In Niger, Airmen continuously work to build relationships

"LEAP has enabled me to be a small puzzle piece fitting into the large mosaic of the global Air Force mission".

"LEAP has enabled me to be a small puzzle piece fitting into the large mosaic of the global Air Force mission".


Capt Dustin Tanen constantly relives his time in Niger. He remembers the sights and sounds of downtown Niamey, the sandstorms of the 11-month dry season, and the intersection of Francophone, Muslim, and west-African cultures. As a special operations pilot, he traveled to Niamey, Niger in May 2017 for a Language Intensive Training Event.

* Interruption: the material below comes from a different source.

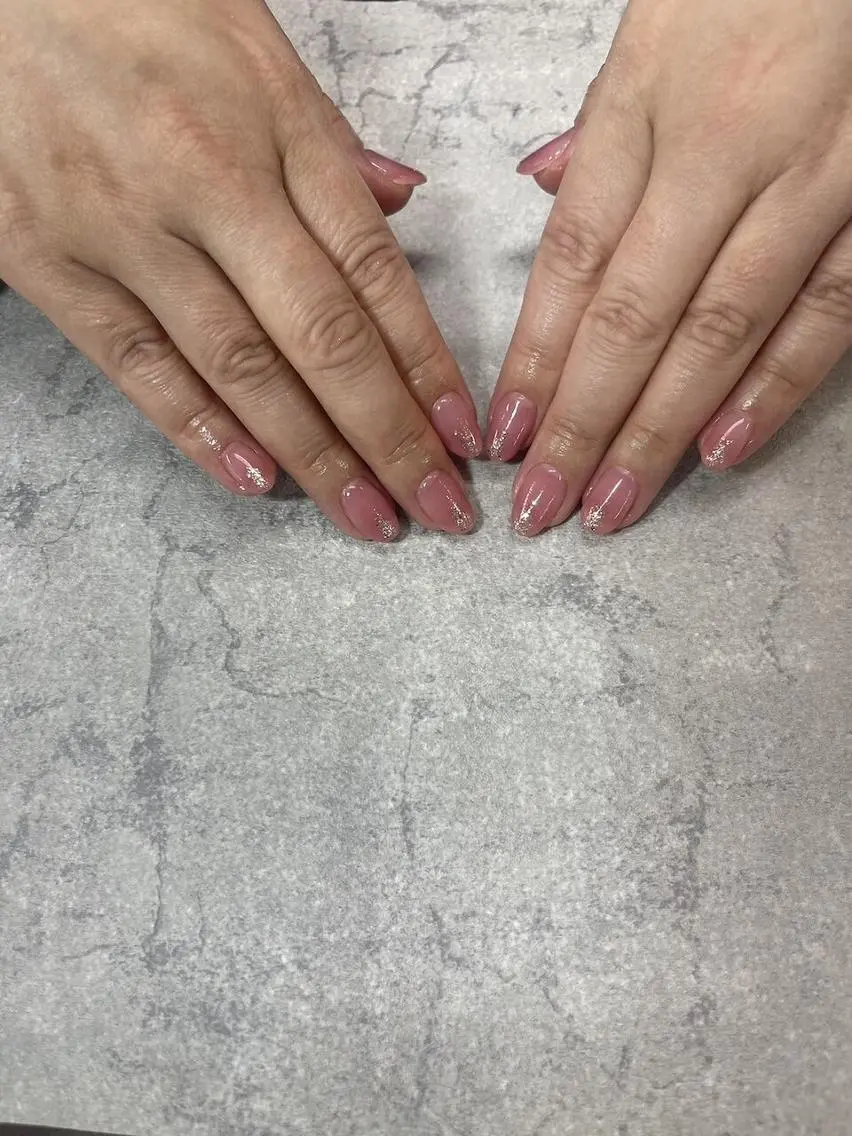ネイル フットネイル フレンチネイル ジェルネイル ガラスフレンチ グラデーション ハンドネイル FASTNAIL PLUS 新宿店のネイルデザイン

An immersion that would change his life.

"I believe in this mission and sought additional opportunities to build partner capacity” Capt Tanen said.

Capt Tanen is a member of the Air Force Culture and Language Center’s Language Enabled Airman Program. LEAP was developed to help Airmen enhance and sustain their language and culture skills by using a two-part training method: eMentor courses which are online, synchronous language classes; and LITEs which are language immersions that serve as the in-country compliment to eMentor. Using his language skills in French, Capt Tanen went on a LITE where he worked with a newly formed Nigerien UN Peacekeeping Battalion in support of the United Nations Multidimensional Integrated Stabilization Mission in Mali (MINUSMA).

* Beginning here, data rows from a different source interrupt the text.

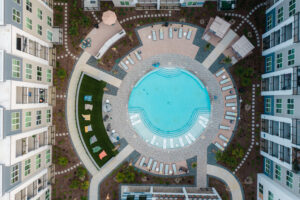 17 Social Pool Eagle Eye View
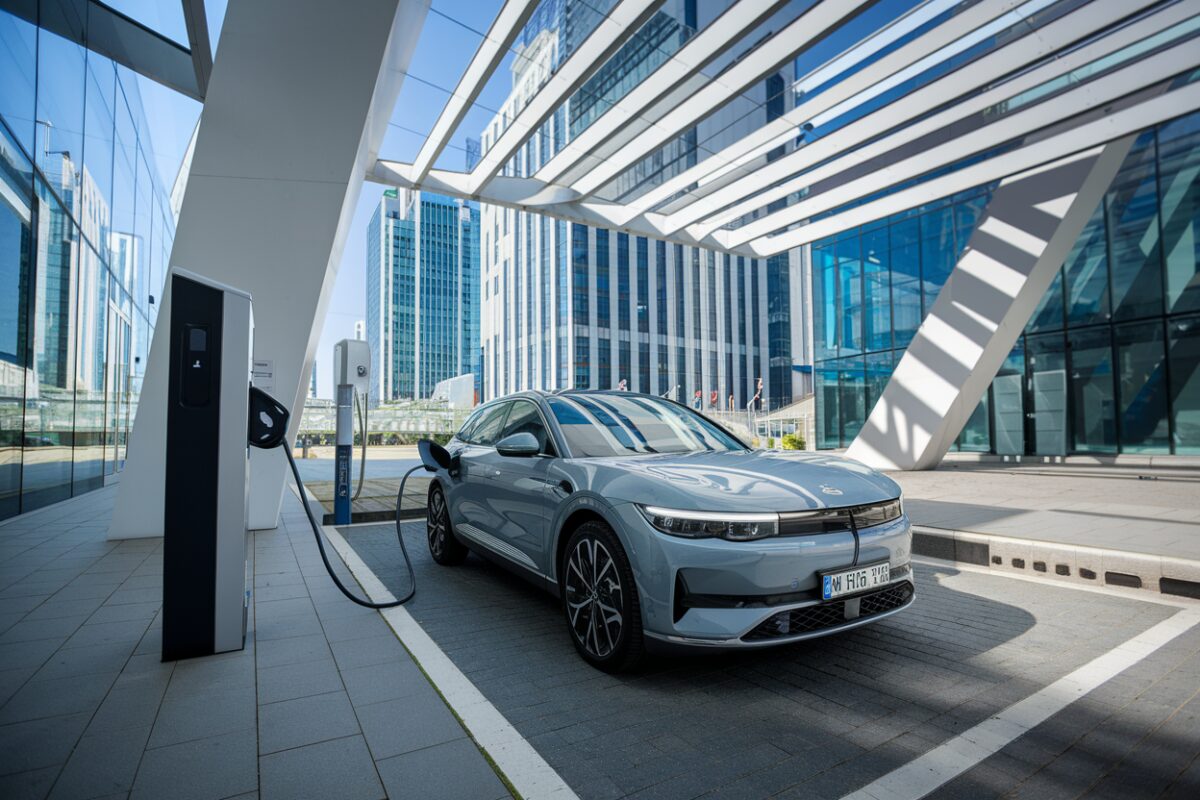 image-20251208-980975 Voiture électrique en charge dans une station publique urbaine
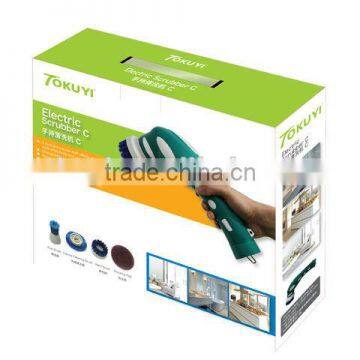 Kitchen Cleaning Tool, Bathroom Cleaning Brush, Handle Power Scrubber, Electric Cleaning Kits photo-5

“It was a unique opportunity to blend my expertise as a special operations pilot with my speaking skills. Being an International Airman means building relationships with partners and partner-nations,” Capt Tanen said.

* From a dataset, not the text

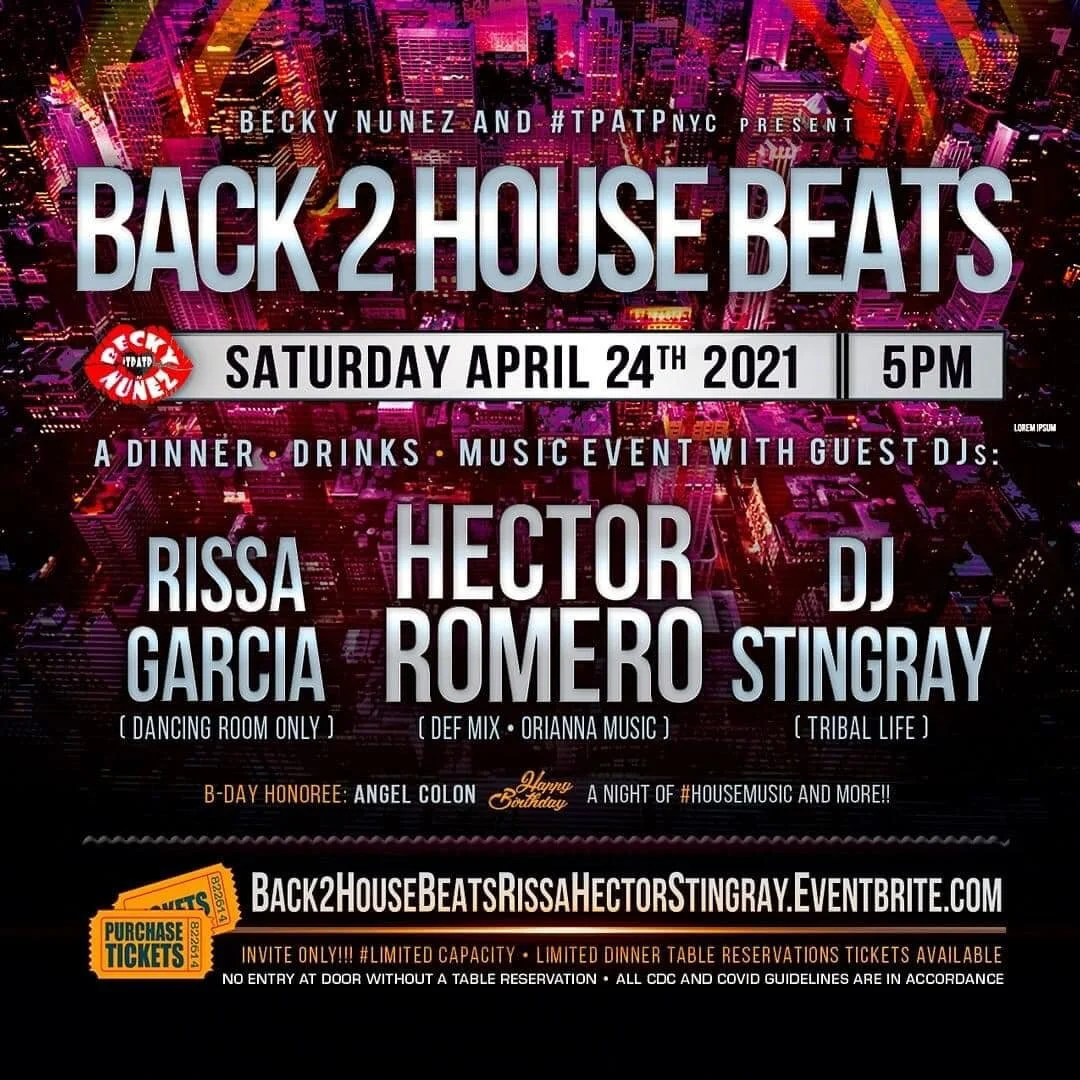 Rissa Garcia Live at Back 2 House Beats 4/24/21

Assigned to an Army EOD training team from Fort Campbell, KY, Capt Tanen was asked to use his skills to enhance the combat capability of the new battalion's combat engineer platoon. IED's used by insurgents in Mali are the largest cause of casualties for UN Peacekeeping forces in Mali.

"I never thought that being able to speak French would literally have life or death consequences," Capt Tanen remarked on the importance this training had to prepare the host nation forces before their deployment to Mali.

Along with his language skills, he also leveraged his own AC-130 experience and helped mentor the battalion's air-liaison team.

"I was the only U.S. Air Force member on the training team and so I naturally gravitated to the two Nigerien Air Force guys assigned to the battalion. I saw there was an opportunity for the Nigerien Lieutenant and I to learn a lot from each other. I passed on best practices from lessons I learned from combat deployments flying the Spectre gunship," he said.

 After days with the combat engineers, Capt Tanen would sit down with the lieutenant and his team. Capt Tanen was able to take the liason-team to meet some US Special Forces on another training mission in the area. 

"Passing on lessons from my perspective was fine, but having a chance for these folks to learn from SOF members on the ground was fantastic," Tanen said.

That same SOF team that Capt Tanen crossed paths with would be the same unit that was ambushed by Islamic extremists months later. In October 2017, four U.S. soldiers were killed in Niger when their unit was attacked by Islamic fighters. The troops were in country working to train and assist the Niger military. U.S. Army soldiers, U.S. Air Force airmen and other forces had been working with the country’s military for months.


"I was shocked when I heard about the US and partner forces killed in Niger. I realized how small the special operations community really is."

When asked if he would ever go back to the region, Capt Tanen quickly responded.

"In an instant…the mission we are doing in the region, by advising and assisting host-nation forces is vital for stability and how we can build lasting partnerships. I know the ‘advise’ and ‘assist’ buzz words get thrown around by strategic leaders, but my experience in Niger showed me that it’s about making friends and sharing stories. With the loss of American life, the world turned its attention to a region that had been a hot bed for extremists for years. I was incredibly impressed with how hard folks in that part of the world need to work for everything they have. I believe LEAP is directly helping me and other Airmen contribute to the future of our nation’s special operations enterprise and our larger Air Force mission. LEAP has enabled me to be a small puzzle piece fitting into the large mosaic of the global Air Force mission. I hope we can continue our commitment to partnering with countries such as Niger to help counter common threats and promote common values. If that commitment means sending me back to Niger tomorrow, give me 15 minutes so I can start packing a bag and brushing up on my French for the region,” Capt Tanen said.